The Marshchapel Mud War
Nobody knows who started the Mud War, who named it the Mud War, or at what point it became the Mud War. That is, when it escalated from a few kids down Harpham Road chucking clods at each other to a multi-day campaign between ill-delineated tribes. I’ve always steered clear of fighting, but even I got sucked into leaving the safety of number 17 to dash out into the next-door field and scramble down into the ditches, ready for another fray. I repeatedly ran inside crying because a hard bit of mud had cut my face, but I’d be back out again within the hour. Legging it, hiding, stashing reserves, building dens in the dykes. How could any kid resist?
After three days, the Mud War faded out. The ringleaders grew bored, we were all scratched to ribbons and satisfaction ruled. Great battle had been done. Nobody cared who’d won.
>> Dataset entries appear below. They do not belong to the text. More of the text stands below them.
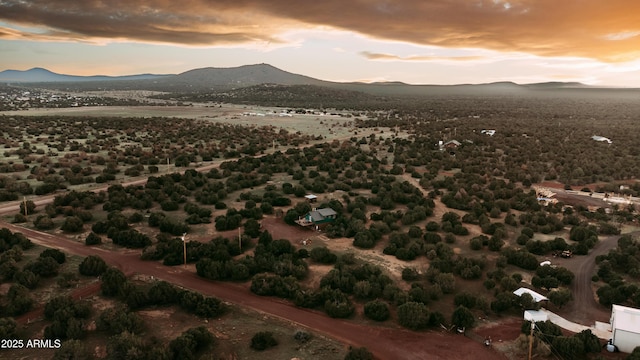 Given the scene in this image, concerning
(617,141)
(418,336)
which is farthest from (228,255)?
(617,141)

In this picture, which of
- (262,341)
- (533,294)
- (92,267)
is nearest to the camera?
(262,341)

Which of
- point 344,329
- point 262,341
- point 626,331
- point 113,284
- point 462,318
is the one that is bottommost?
point 344,329

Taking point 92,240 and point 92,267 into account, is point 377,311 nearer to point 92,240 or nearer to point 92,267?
point 92,267

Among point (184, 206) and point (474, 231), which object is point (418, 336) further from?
point (184, 206)

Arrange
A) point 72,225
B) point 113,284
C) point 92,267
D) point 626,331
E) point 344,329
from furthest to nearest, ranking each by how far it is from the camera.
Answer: point 72,225, point 92,267, point 113,284, point 344,329, point 626,331

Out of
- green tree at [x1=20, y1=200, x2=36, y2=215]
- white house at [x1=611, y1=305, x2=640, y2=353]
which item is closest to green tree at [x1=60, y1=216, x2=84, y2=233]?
green tree at [x1=20, y1=200, x2=36, y2=215]

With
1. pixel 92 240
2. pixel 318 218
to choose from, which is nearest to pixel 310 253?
pixel 318 218

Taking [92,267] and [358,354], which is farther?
[92,267] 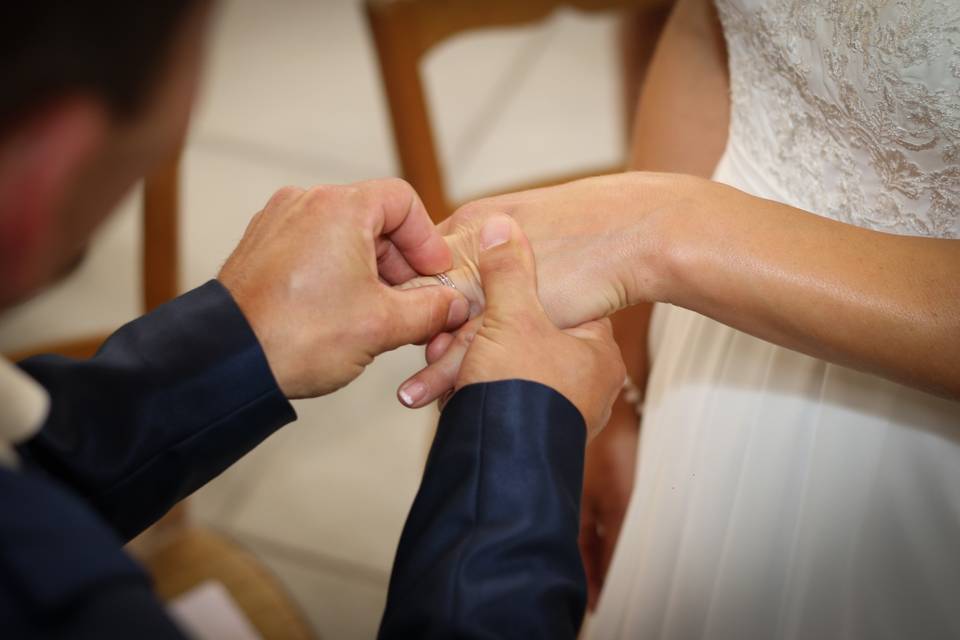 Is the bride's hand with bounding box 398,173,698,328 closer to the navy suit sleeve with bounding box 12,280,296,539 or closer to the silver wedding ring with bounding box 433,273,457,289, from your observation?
the silver wedding ring with bounding box 433,273,457,289

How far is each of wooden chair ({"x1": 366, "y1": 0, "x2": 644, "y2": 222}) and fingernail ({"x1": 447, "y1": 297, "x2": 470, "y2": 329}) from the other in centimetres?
49

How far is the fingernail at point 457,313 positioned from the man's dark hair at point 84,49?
0.52 metres

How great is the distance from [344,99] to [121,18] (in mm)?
2623

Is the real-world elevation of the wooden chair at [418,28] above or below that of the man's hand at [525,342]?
above

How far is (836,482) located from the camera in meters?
0.97

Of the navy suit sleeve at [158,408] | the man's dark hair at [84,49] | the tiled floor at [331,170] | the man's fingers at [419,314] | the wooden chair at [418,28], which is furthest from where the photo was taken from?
the tiled floor at [331,170]

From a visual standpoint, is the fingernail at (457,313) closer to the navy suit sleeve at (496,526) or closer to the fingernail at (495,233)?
the fingernail at (495,233)

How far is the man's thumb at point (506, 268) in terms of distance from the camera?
3.02 ft

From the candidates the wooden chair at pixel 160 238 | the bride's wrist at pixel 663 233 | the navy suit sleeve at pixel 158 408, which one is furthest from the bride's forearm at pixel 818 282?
the wooden chair at pixel 160 238

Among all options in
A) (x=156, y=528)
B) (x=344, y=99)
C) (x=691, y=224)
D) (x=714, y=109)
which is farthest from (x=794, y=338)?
(x=344, y=99)

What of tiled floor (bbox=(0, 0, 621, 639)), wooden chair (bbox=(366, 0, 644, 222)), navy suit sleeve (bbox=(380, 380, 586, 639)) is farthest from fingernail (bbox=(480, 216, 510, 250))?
tiled floor (bbox=(0, 0, 621, 639))

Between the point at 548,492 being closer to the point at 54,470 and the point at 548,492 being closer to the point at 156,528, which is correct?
the point at 54,470

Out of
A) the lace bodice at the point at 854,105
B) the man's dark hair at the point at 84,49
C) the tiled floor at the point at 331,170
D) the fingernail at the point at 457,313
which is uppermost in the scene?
the man's dark hair at the point at 84,49

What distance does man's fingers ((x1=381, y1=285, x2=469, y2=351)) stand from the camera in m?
0.94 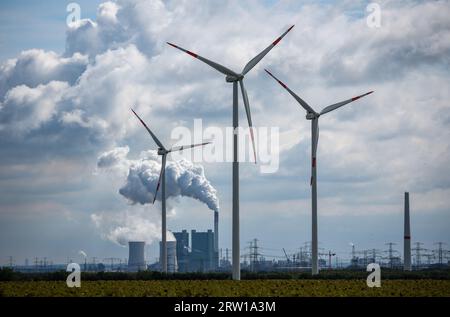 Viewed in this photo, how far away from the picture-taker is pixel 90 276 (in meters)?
110

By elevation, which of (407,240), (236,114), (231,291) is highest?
(236,114)

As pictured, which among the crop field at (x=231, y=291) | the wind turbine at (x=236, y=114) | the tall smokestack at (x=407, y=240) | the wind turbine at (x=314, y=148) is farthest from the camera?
the tall smokestack at (x=407, y=240)

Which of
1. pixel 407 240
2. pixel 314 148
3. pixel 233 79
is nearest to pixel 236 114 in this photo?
pixel 233 79

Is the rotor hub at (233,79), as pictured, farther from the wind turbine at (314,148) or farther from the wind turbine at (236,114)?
the wind turbine at (314,148)

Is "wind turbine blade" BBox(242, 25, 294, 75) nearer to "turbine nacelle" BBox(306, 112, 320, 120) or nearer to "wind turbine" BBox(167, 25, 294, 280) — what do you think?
"wind turbine" BBox(167, 25, 294, 280)

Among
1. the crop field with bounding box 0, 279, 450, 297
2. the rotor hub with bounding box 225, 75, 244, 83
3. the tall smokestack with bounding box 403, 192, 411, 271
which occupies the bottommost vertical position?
the crop field with bounding box 0, 279, 450, 297

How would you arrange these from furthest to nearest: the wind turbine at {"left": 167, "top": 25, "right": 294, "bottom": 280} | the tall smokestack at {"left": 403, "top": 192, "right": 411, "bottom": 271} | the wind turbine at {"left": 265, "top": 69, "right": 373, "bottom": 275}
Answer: the tall smokestack at {"left": 403, "top": 192, "right": 411, "bottom": 271} → the wind turbine at {"left": 265, "top": 69, "right": 373, "bottom": 275} → the wind turbine at {"left": 167, "top": 25, "right": 294, "bottom": 280}

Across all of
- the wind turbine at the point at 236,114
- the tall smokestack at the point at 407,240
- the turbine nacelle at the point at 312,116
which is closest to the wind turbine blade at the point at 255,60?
the wind turbine at the point at 236,114

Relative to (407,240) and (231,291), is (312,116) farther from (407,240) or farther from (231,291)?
(231,291)

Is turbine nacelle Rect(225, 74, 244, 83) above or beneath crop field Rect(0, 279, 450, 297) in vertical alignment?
above

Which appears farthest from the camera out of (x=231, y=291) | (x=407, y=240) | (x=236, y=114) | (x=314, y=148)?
(x=407, y=240)

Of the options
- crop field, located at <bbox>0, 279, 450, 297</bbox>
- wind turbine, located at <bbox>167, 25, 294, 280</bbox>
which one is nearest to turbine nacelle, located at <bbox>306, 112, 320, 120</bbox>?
wind turbine, located at <bbox>167, 25, 294, 280</bbox> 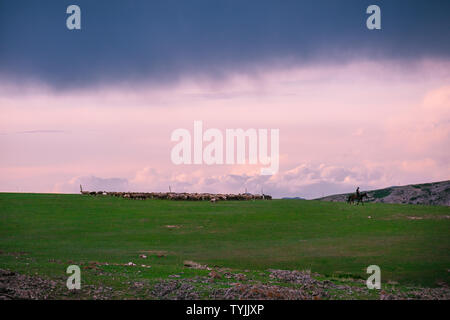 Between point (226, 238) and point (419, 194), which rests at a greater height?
point (419, 194)

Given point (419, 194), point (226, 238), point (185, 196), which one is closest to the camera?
point (226, 238)

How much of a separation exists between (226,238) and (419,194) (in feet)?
414

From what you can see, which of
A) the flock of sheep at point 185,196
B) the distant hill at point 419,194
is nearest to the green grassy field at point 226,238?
the flock of sheep at point 185,196

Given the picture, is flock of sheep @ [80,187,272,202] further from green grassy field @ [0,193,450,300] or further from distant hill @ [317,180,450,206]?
distant hill @ [317,180,450,206]

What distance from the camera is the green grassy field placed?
1312 inches

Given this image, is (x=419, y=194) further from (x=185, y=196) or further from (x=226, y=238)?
(x=226, y=238)

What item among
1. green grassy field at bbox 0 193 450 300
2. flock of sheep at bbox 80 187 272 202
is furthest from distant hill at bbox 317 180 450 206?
green grassy field at bbox 0 193 450 300

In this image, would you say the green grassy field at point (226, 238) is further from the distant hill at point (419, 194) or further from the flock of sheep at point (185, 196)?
the distant hill at point (419, 194)

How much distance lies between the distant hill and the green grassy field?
9233cm

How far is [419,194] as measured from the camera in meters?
156

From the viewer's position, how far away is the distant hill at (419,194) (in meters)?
151

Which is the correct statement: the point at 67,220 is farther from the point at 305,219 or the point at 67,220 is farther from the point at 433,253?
the point at 433,253

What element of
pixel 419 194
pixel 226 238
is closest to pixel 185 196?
pixel 226 238

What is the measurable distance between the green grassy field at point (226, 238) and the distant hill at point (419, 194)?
303 feet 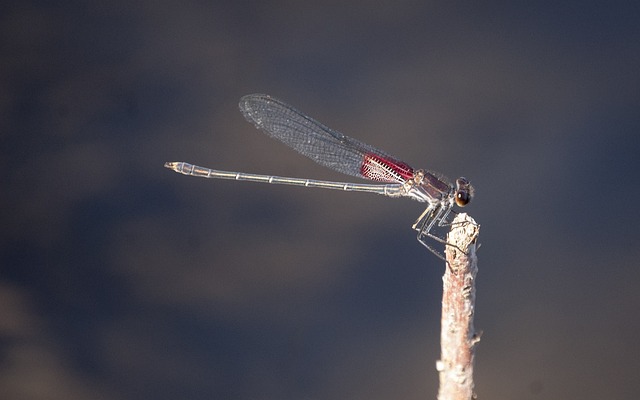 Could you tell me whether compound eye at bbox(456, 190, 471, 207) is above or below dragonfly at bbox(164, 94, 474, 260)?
below

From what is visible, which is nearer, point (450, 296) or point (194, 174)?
point (450, 296)

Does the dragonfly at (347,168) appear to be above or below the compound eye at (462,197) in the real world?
above

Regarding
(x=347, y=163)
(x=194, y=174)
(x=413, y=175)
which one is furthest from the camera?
(x=194, y=174)

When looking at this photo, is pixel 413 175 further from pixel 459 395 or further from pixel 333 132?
pixel 459 395

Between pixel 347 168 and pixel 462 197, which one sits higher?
pixel 347 168

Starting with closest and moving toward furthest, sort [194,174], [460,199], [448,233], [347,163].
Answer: [448,233] → [460,199] → [347,163] → [194,174]

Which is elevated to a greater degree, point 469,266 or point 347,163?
point 347,163

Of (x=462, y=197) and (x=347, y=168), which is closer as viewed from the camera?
(x=462, y=197)

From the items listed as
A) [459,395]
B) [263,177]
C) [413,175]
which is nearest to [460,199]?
[413,175] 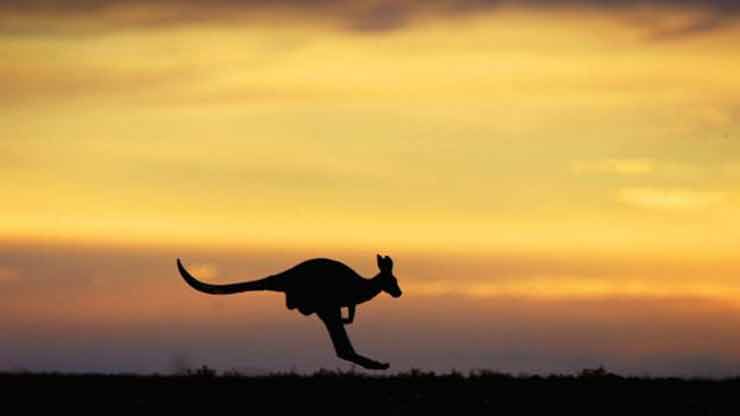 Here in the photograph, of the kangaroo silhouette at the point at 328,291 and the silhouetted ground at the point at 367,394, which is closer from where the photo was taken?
the silhouetted ground at the point at 367,394

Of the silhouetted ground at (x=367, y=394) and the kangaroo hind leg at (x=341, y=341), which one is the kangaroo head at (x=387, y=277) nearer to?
the kangaroo hind leg at (x=341, y=341)

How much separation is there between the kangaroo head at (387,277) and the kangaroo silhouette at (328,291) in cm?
36

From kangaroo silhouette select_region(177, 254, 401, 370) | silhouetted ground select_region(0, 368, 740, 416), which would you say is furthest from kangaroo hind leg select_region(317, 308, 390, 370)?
silhouetted ground select_region(0, 368, 740, 416)

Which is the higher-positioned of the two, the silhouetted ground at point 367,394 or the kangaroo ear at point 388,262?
the kangaroo ear at point 388,262

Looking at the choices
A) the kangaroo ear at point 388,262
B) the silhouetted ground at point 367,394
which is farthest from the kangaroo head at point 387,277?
the silhouetted ground at point 367,394

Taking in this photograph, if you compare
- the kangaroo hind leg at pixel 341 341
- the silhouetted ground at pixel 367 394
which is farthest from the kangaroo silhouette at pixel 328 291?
the silhouetted ground at pixel 367 394

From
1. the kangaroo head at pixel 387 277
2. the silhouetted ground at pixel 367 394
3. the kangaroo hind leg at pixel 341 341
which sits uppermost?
the kangaroo head at pixel 387 277

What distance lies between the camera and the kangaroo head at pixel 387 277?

26 Memory Maps was deceptively tricky to realise. It was easy enough to return to the street where I grew up, but turning my memories into an interesting visual thing was much harder. I wanted to incorporate the music of my childhood (a mix of my Mum and Dad’s tastes) and a mixture of positive and negative recollections. After several abandoned versions, including star charts and collages, I finally came up with scraps from a storyboard, an imagined movie about my early life. Sabine, my editor, suggested setting these frames on a hand-drawn map, and the contrast works really well.